* [RAW DATA]:
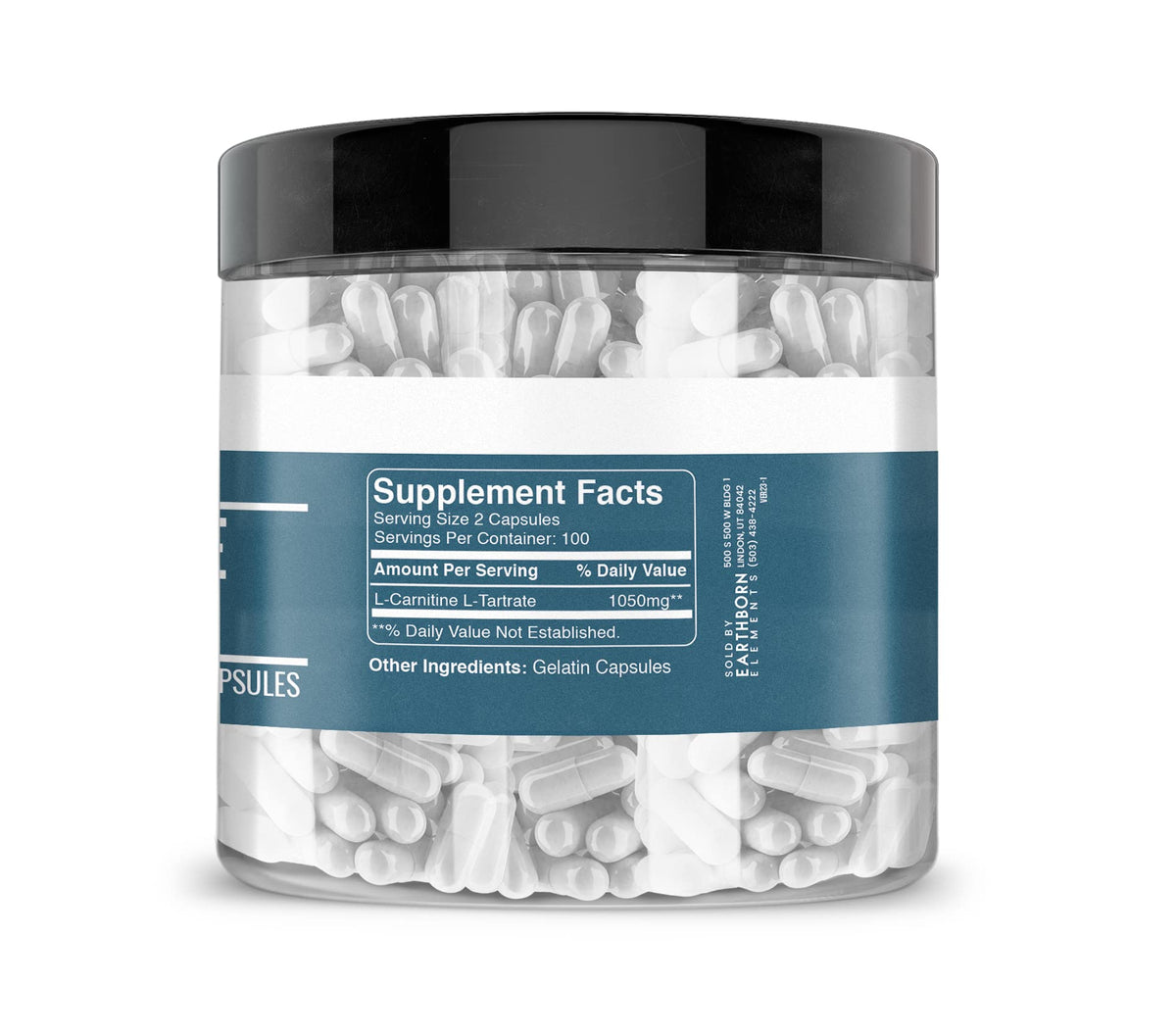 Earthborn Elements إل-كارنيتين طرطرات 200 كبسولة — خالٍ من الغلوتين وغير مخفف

==

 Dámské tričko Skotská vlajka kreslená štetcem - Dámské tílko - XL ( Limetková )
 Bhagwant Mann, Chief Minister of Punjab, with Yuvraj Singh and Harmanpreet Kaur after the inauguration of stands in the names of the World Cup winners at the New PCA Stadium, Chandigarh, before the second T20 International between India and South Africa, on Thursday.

* * *

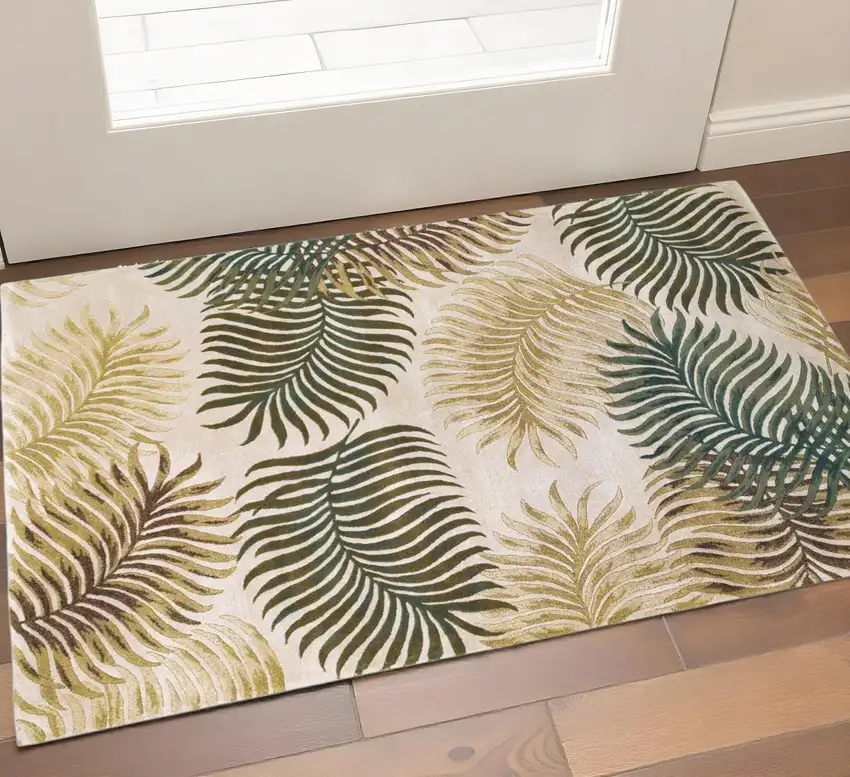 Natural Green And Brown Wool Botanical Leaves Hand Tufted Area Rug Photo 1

* [PROBLEM TO SOLVE]:
Output exactly one stretch of the listing: from the line containing "Dámské tričko Skotská" through the line containing "Bhagwant Mann, Chief", both end lines included.

* [RESPONSE AREA]:
 Dámské tričko Skotská vlajka kreslená štetcem - Dámské tílko - XL ( Limetková )
 Bhagwant Mann, Chief Minister of Punjab, with Yuvraj Singh and Harmanpreet Kaur after the inauguration of stands in the names of the World Cup winners at the New PCA Stadium, Chandigarh, before the second T20 International between India and South Africa, on Thursday.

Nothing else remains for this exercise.